(originally written for Zuna Yoga)
The Samskaras in Yoga
The relationship between the mind, energy, and actions has always been an area of particular interest for me, and to learn about it in the context of samskaras in yoga has proven a fascinating way to relate them to one another. As it is often difficult to pinpoint exactly how or why the practice of yoga is beneficial to us – ask any new yogi, it sometimes takes a while to figure out just why it makes us feel so good (and it’s different for everyone!) – the description of samskaras and our neurological tendencies in T.K.V. Desikachar’s ‘The Heart of Yoga’, succeeded in explaining a sensation which for so long I had failed to correctly define.
What are Samskaras?
The Sanskrit term refers to the conditioning of the mind to act or direct itself in a certain way on a regular basis. It also refers to those paths or patterns along which these thoughts or behaviours travel. It’s similar in concept to the neuroscientific model of how our thoughts and behaviours, whether positive or negative, become more deeply engrained in neural pathways in our brain with each repetition. The meaning of samskara is reflected in the very word itself, with “sam” meaning “well thought out” or “to accomplish” while “kara” means “the action undertaken.”
But how do Samskaras work?
We must first practice awareness and understanding of self. By understanding our individual habitual expenditure of energy, recognising our tendencies and bringing awareness to those behaviours that are undesired or against our greatest good, we can slowly and gradually learn to redirect our prana, our life force, to where it needs to go. This process is a lot easier said than done, however, and awareness is the first step towards achieving this balance.
Purusha and Energy Flow
Encouraging new behavioural patterns and discarding old ones enlists the use of purusha, the all-seeing force of energy within us; a higher consciousness which witnesses our actions from a distance and observes possibilities and potential directions without engaging. Purusha’s powers of observation are best when the mind is clear, and as such it’s vital that we obtain clarity before attempting to redirect or encourage samskaras along an alternate route. It’s through our practice of yoga that we cultivate and maintain the mental ability and clarity with which to do this.

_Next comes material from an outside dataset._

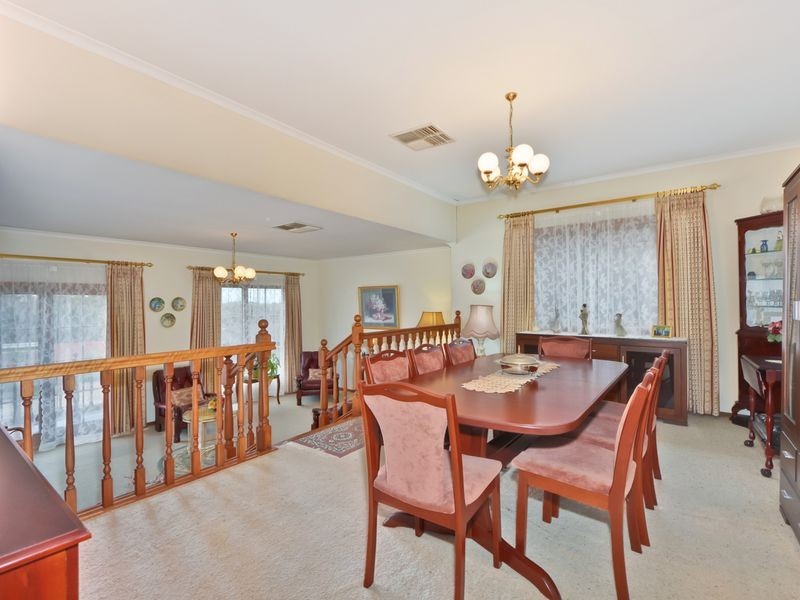 36 Gaylard Crescent, Redwood Park SA 5097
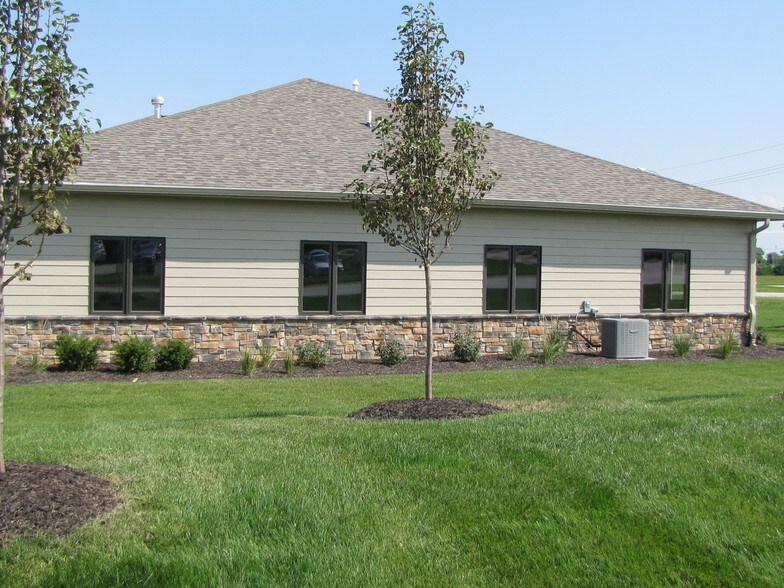 9849 S 168th Ave, Omaha, NE à vendre - Photo de l’immeuble – Image 3 sur 13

Yoga and meditation aid with the reconditioning of the mind to continually and repeatedly redirect itself away from harmful patterns to which it has become accustomed. Yoga helps encourage the positive flow of energy away from any limiting or restrictive tendencies. This is why we find our practice to be so effective in dealing with mental or emotional struggles. It literally helps us create the space necessary to form pathways out of these negative cycles.

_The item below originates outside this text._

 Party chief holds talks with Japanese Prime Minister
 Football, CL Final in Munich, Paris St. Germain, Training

Our beliefs and lifestyles, even when we engage in them unconsciously—especially when we engage in them unconsciously!—can result in imbalances and undesired manifestations of our energy. We must remain attentive and aware as we determine which route we take. The goal is to consciously redirect our prana towards positive and fulfilling actions until it becomes habitual.
“Where the mind goes, energy follows”, and so when this is done continually and repetitively and with conviction, we call it a samskara. And that is when we avoid further suffering.